21 Avr - 15 Juil 2012
Vernissage le 21 Avr 2012

Caractérisé par un sens de l'absurde poétique et mélancolique, le travail de Michael Sailstorfer peut être défini comme une entreprise de conceptualisation de l'espace. Selon une vision élargie de l'art, l'artiste utilise des matériaux issus de son environnement immédiat, dont il exacerbe notamment les qualités sonores, lumineuses et olfactives.

Michael Sailstorfer
Nettoyer la forêt

Pour la première exposition de l’artiste allemand Michael Sailstorfer dans une institution française, le Frac Haute-Normandie a souhaité rassembler un corpus d’oeuvres témoignant des diverses facettes de son travail depuis ses années d’études à Munich en 2000 jusqu’à aujourd’hui.
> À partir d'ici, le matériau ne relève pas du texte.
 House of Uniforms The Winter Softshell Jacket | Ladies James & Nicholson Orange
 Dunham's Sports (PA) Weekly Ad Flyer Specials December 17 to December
Intitulée «Nettoyer la forêt», en référence à l’oeuvre éponyme Waldputz, cette monographie prend donc pour point d’appui une oeuvre de «jeunesse» que l’artiste considère aujourd’hui comme son premier travail artistique.

En tant qu’intervention discrète réalisée en extérieur, Waldputz (nettoyage de forêt) concentre en effet un certain nombre des ses principales préoccupations artistiques. Avec un certain pragmatisme, le titre évoque une préoccupation récurrente chez l’artiste natif de Bavière: la collusion entre nature et culture. Ce travail révèle avant tout, et non sans humour, une problématique centrale de son travail: repenser la notion de sculpture en l’inscrivant de manière élargie et détournée dans l’espace.

Par son travail, Michael Sailstorfer reconsidère la sculpture en opérant de diverses manières: en employant des produits manufacturés (pneus, sèche cheveux, microphone, voiture..), en détournant des artefacts (cordes en aluminium, radiateur en céramique, ampoule en silicone…), en fabriquant des «machines», en concevant des structures qu’il active ou installe.

Par delà la forme volontairement ordinaire de ses réalisations, l’artiste met en avant des processus de fabrication ou de destruction, mais également les transformations qui en résultent, comme des effets de résonance, de démultiplication, de réverbérations… À travers ses fabrications, l’artiste cherche en effet à éprouver mentalement et physiquement les lieux sur lesquels il intervient. Par le caractère commun de ces fabrications et son intérêt pour l’exploration des processus de cause à effets, ses travaux pourraient être rapprochés à la fois de ceux de Tinguely, de Roman Signer ou de Fischli et Weiss. Michael Sailstorfer fabrique donc des objets mais aussi des installations, entre ballets mécaniques et machines solitaires, qui se déploient, s’activent et se consument sans autre fin ni utilité que de révéler avec une efficacité presque absurde un univers poétique parfois mélancolique, mais aussi souvent critique, qui émane du mécanisme en action.